=== PROBLEM STATEMENT ===
Your answer should be the lines from the one with "Riverside Furniture Cascade" to the end of the data below, both included, exact and free of pictures.

=== DATA SEGMENT ===

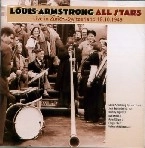 LOUIS ARMSTRONG / ルイ・アームストロング / LIVE IN ZURICH,SWITZERLAND 18.10.1949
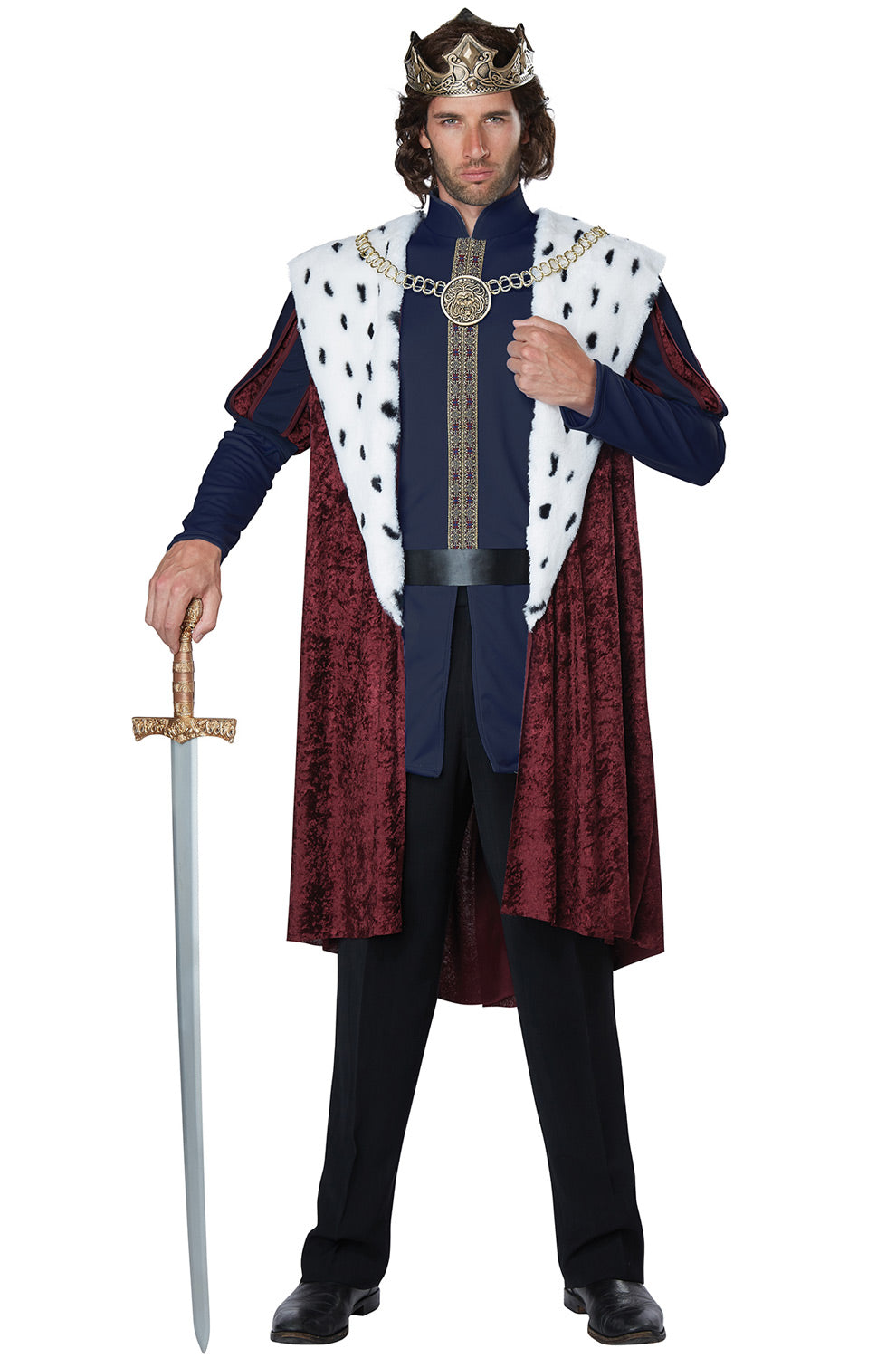 Royal Storybook King Adult Costume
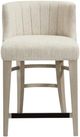 Riverside Furniture Cascade 2-Piece Dovetail/Gray Upholstered Counter Stool Set-2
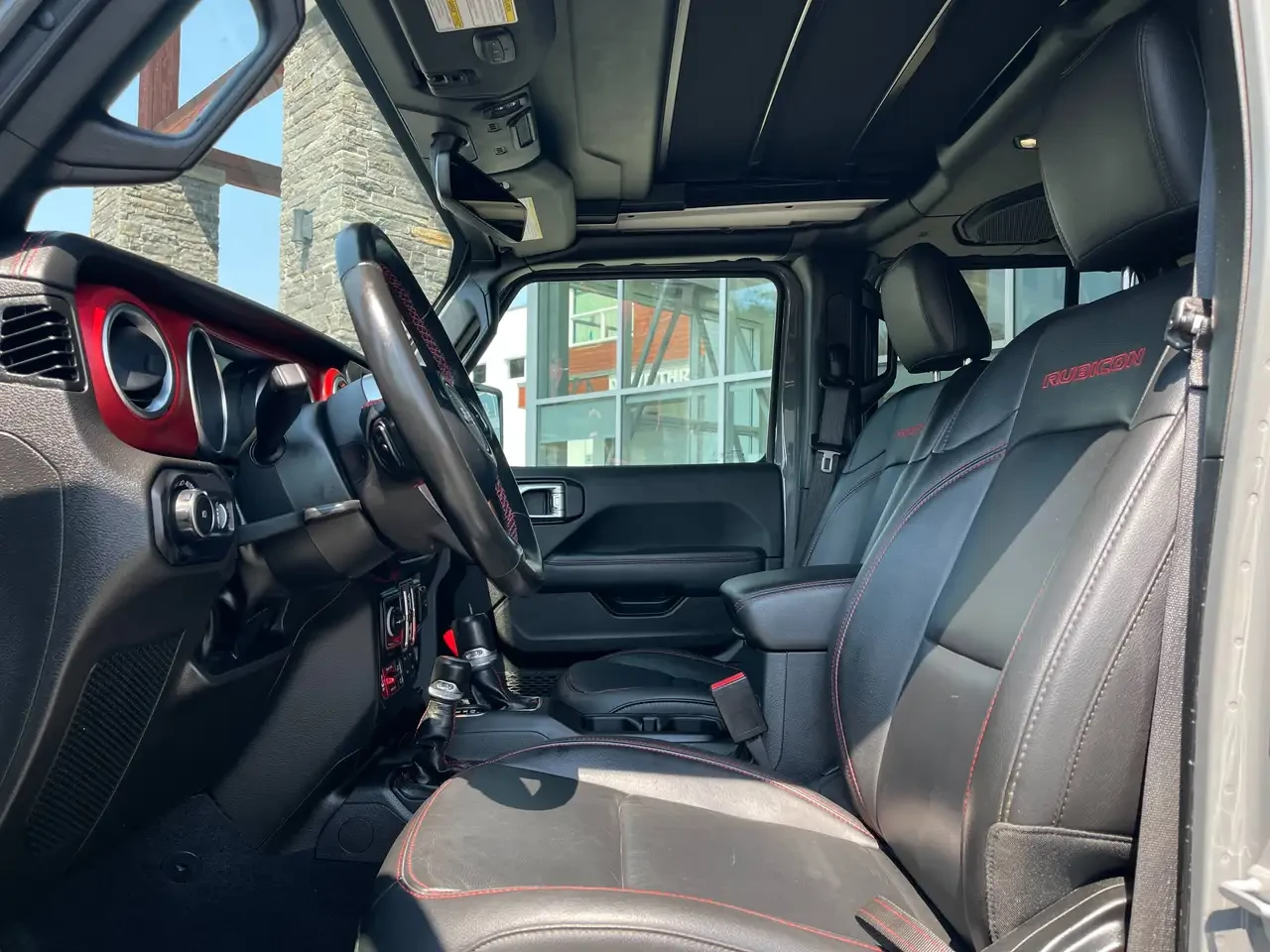 Jeep Wrangler Rubicon 4WD - No Accidents & Trailer Tow Package | Mobile.bg � ����������� 11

=== TASK OUTPUT ===
 Riverside Furniture Cascade 2-Piece Dovetail/Gray Upholstered Counter Stool Set-2
 Jeep Wrangler Rubicon 4WD - No Accidents & Trailer Tow Package | Mobile.bg � ����������� 11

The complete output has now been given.